RECORDS FOR THIS EXERCISE START

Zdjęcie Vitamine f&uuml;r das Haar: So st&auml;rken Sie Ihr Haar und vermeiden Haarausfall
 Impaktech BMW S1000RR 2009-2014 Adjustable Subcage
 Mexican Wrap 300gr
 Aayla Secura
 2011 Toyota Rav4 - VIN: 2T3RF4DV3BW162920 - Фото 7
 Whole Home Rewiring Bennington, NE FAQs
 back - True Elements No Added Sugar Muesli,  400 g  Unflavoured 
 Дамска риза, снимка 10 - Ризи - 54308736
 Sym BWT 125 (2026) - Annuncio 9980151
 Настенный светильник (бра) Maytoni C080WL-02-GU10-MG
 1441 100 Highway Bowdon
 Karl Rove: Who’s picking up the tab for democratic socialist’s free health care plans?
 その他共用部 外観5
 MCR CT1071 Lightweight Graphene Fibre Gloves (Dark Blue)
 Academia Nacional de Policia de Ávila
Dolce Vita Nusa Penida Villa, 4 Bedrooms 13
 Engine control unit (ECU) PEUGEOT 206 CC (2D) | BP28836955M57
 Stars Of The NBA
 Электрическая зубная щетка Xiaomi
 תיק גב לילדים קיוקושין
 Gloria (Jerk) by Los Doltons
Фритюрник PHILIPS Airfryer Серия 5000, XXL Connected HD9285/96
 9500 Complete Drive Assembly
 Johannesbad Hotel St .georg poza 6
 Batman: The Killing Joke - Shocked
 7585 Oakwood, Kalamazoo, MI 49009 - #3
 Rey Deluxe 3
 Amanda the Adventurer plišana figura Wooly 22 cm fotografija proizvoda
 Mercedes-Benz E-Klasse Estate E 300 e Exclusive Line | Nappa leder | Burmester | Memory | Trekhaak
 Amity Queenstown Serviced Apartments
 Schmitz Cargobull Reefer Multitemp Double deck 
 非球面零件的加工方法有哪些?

RECORDS FOR THIS EXERCISE END

Return every entry exactly.

Zdjęcie Vitamine f&uuml;r das Haar: So st&auml;rken Sie Ihr Haar und vermeiden Haarausfall
 Impaktech BMW S1000RR 2009-2014 Adjustable Subcage
 Mexican Wrap 300gr
 Aayla Secura
 2011 Toyota Rav4 - VIN: 2T3RF4DV3BW162920 - Фото 7
 Whole Home Rewiring Bennington, NE FAQs
 back - True Elements No Added Sugar Muesli,  400 g  Unflavoured 
 Дамска риза, снимка 10 - Ризи - 54308736
 Sym BWT 125 (2026) - Annuncio 9980151
 Настенный светильник (бра) Maytoni C080WL-02-GU10-MG
 1441 100 Highway Bowdon
 Karl Rove: Who’s picking up the tab for democratic socialist’s free health care plans?
 その他共用部 外観5
 MCR CT1071 Lightweight Graphene Fibre Gloves (Dark Blue)
 Academia Nacional de Policia de Ávila
Dolce Vita Nusa Penida Villa, 4 Bedrooms 13
 Engine control unit (ECU) PEUGEOT 206 CC (2D) | BP28836955M57
 Stars Of The NBA
 Электрическая зубная щетка Xiaomi
 תיק גב לילדים קיוקושין
 Gloria (Jerk) by Los Doltons
Фритюрник PHILIPS Airfryer Серия 5000, XXL Connected HD9285/96
 9500 Complete Drive Assembly
 Johannesbad Hotel St .georg poza 6
 Batman: The Killing Joke - Shocked
 7585 Oakwood, Kalamazoo, MI 49009 - #3
 Rey Deluxe 3
 Amanda the Adventurer plišana figura Wooly 22 cm fotografija proizvoda
 Mercedes-Benz E-Klasse Estate E 300 e Exclusive Line | Nappa leder | Burmester | Memory | Trekhaak
 Amity Queenstown Serviced Apartments
 Schmitz Cargobull Reefer Multitemp Double deck 
 非球面零件的加工方法有哪些?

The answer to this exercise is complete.